Second, she argues the affirmative defense of laches bars the will’s admittance. We affirm.
The facts of this case are mostly undisputed. The decedent, Kenneth A. Romancik died
on July 18, 2001 in El Paso. He was married to Carol Romancik at the time of his death. He did
not have any children.
Shortly after her husband’s death, Carol filed a small estate administration. Through the
administration, Carol transferred the title on Kenneth’s vehicle and collected his final paycheck.
At the time of the administration, Carol was not aware that Kenneth had a will.
Nothing further happened until June 7, 2005, when Genevieve Romancik, Kenneth’s
mother, filed a application to probate the will, the subject of this appeal (“the will”).
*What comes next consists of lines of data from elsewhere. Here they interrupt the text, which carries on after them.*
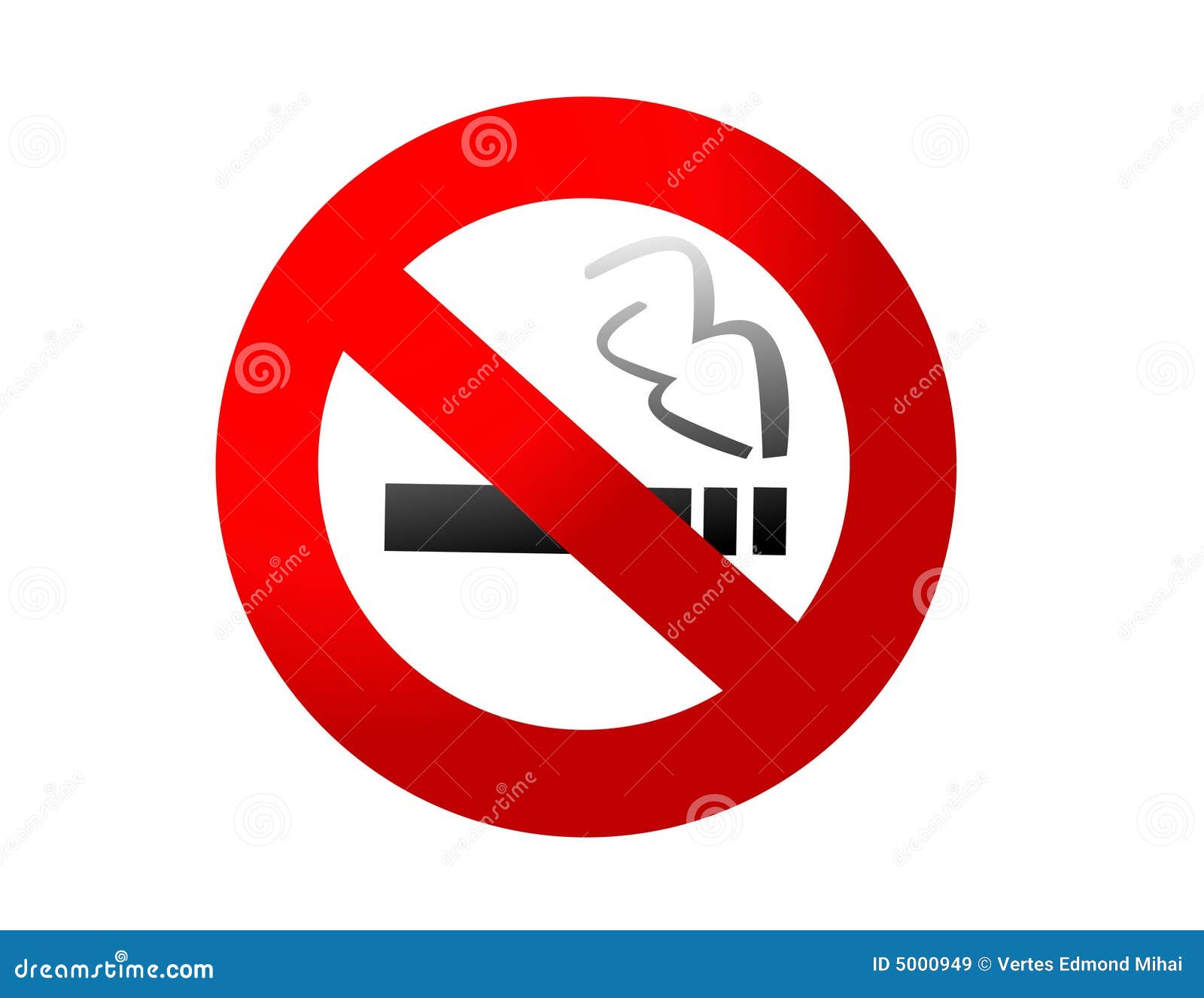No Smoking Sign vector stock vector. Illustration of abstain - 5000949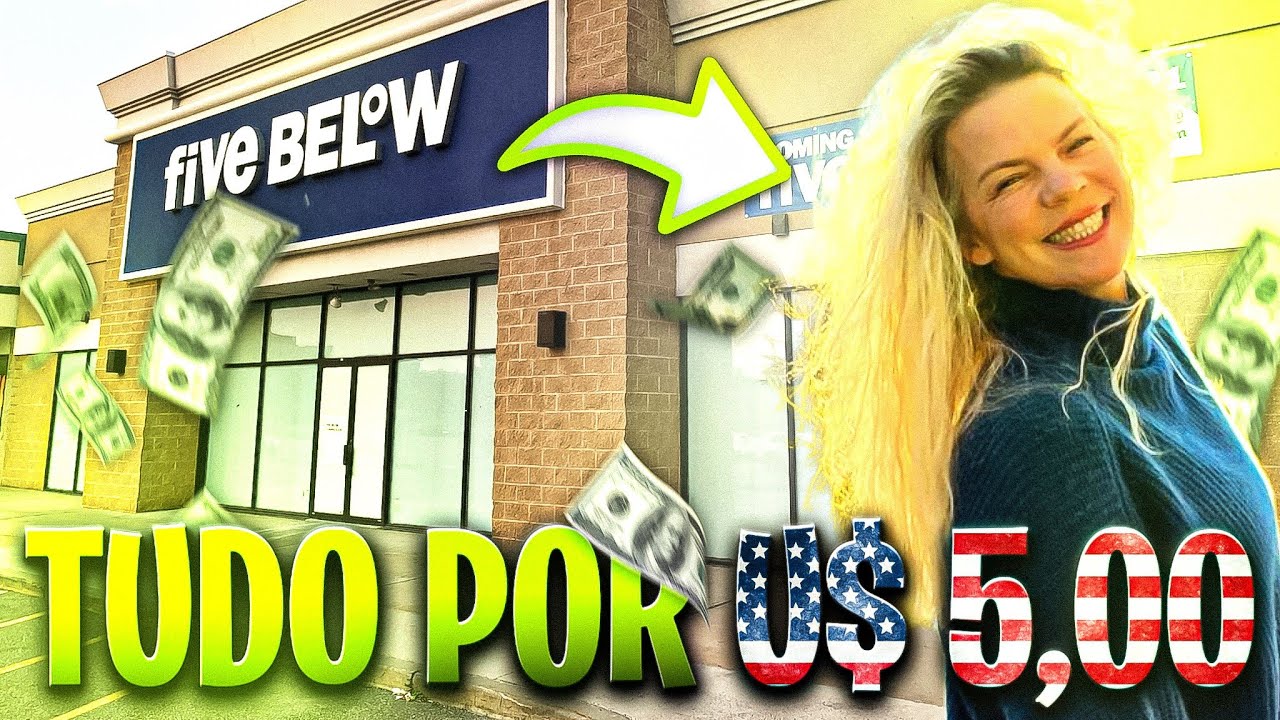 🇺🇸 Compras na FIVE BELOW em MASSACHUSETTS - Loja de U$5 dólares nos EUA! 😱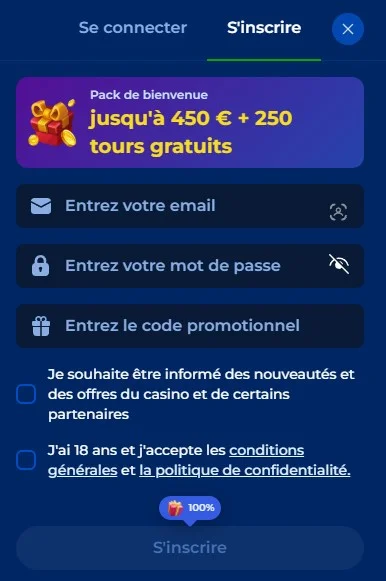 Inscription à GodOfCoins pour les nouveaux joueurs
The will is
four typed pages titled, “LAST WILL AND TESTAMENT OF Kenneth A. Romancik.” It states:
[Page A]
LAST WILL AND TESTAMENT OF
Kenneth A. Romancik
I.
I, Kenneth A Romancik, residing at El Paso, Texas, being of sound mind
and in the contemplation of the certainty of death, do hereby declare this
instrument to be my last will and testament.
II.
I hereby revoke all previous wills and codicils.
III.
I direct that the disposition of my remains be as follows:
I want to have a military funeral in El Paso, Texas.
IV.
I give all the rest and residue of my estate to the following individuals,
share and share alike:
Genevieve Romancik
If none of my designated beneficiaries survives me, I give all the rest and residue
of my estate to Carol A. Romancik. If neither [Genevieve Romancik] nor Carol A.
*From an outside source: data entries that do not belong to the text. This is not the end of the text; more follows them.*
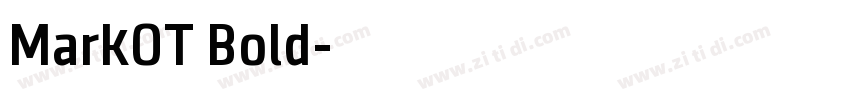 MarkOT Bold字体转换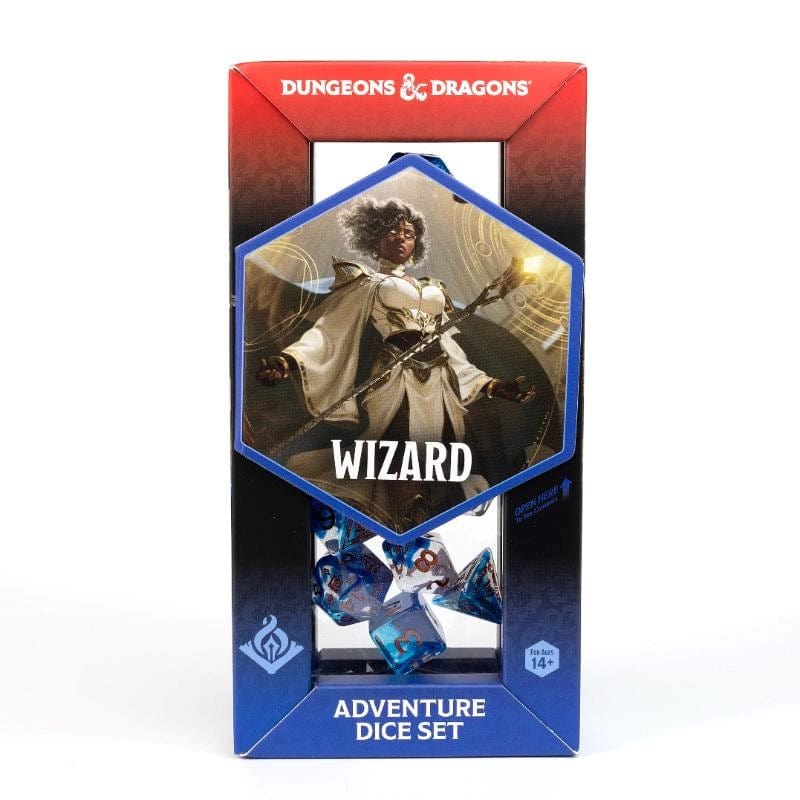 Sirius Dice Dice Sirius Dice - D&D Adventure Dice - Wizard Blue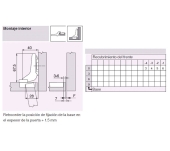 BISAGRA BLUM 74T1750.TL SIN MUELLE SUPERACODADA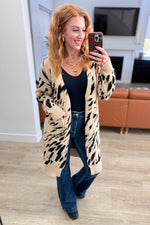 PREORDER: Harper Heavyweight Animal Print Cardigan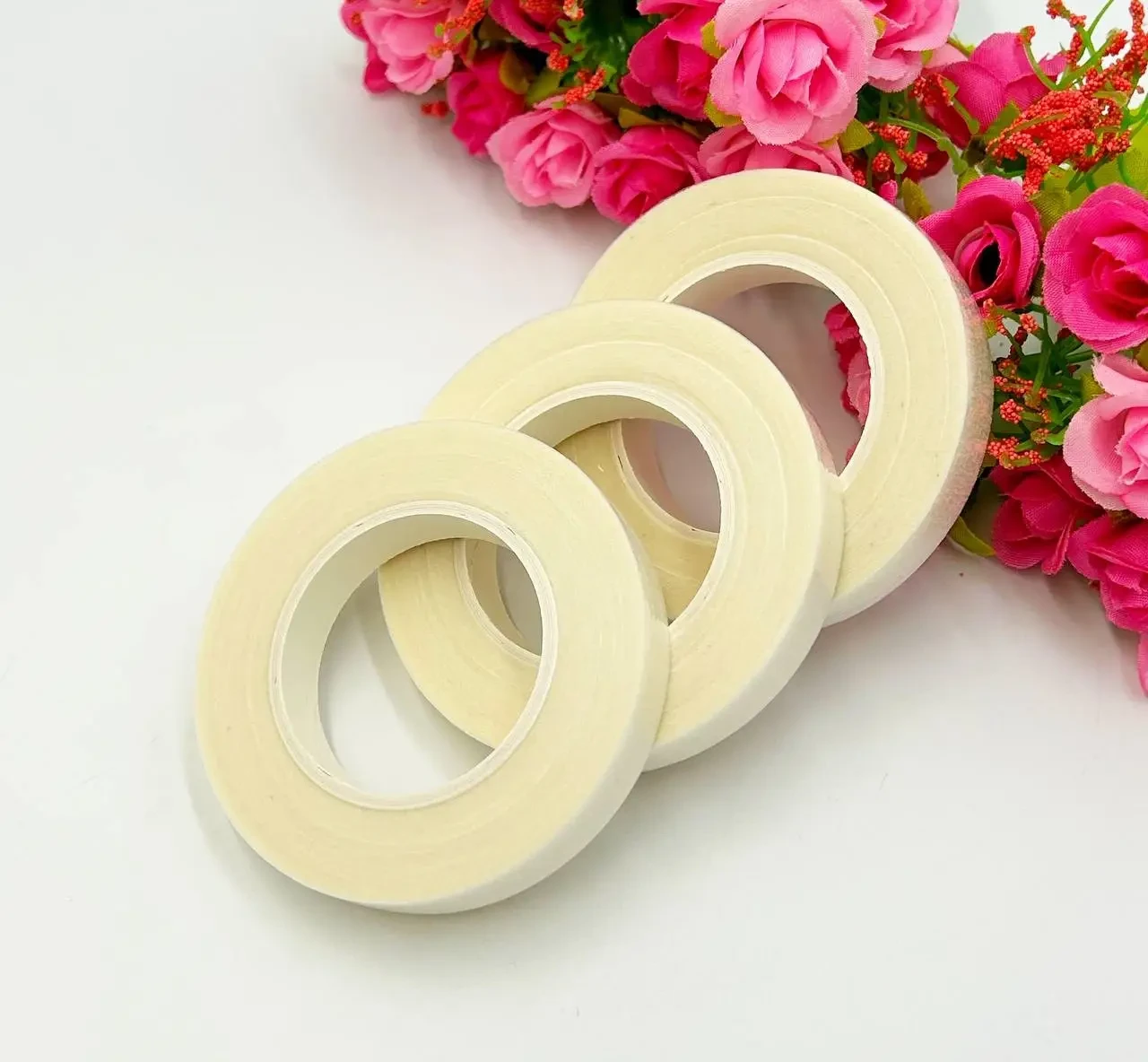 Стрічка флористична / Тейп-стрічка / Рулон - 30 метрів / Молочний, фото 1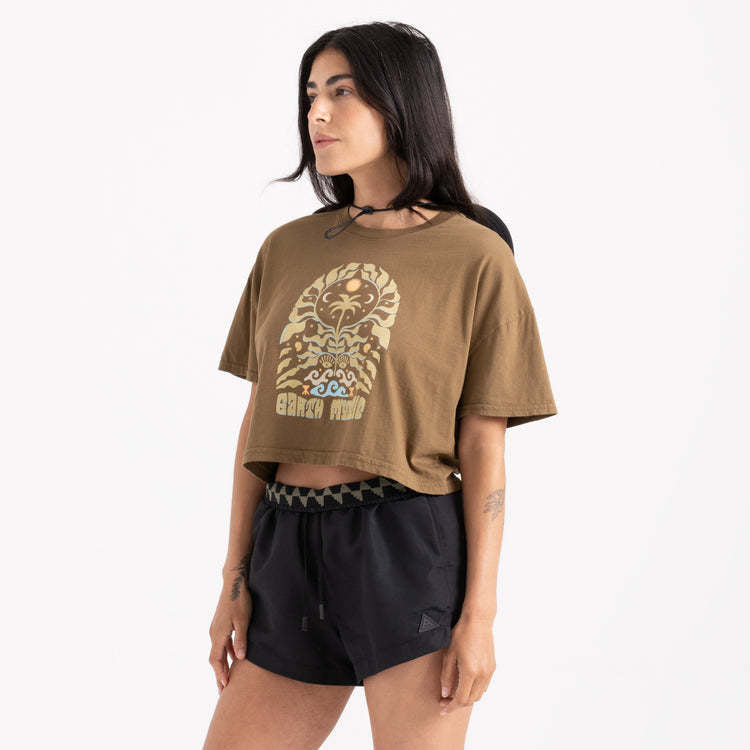 Roark Earth Mystic Cropped Boxy Tee (Women&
Romancik, survives me, I give all the rest and residue of my estate to my heirs as
determined by the laws of the State of Texas, relating to descent and distribution.
V.
I appoint Genevieve Romancik, to act as the executor of this will, to serve
without bond. Should Genevieve Romancik be unable or unwilling to serve, then I
appoint Carol A. Romancik to act as the executor of this will.
I hereby affix my signature to this will on this the 4 day of October, 1999
[Page B]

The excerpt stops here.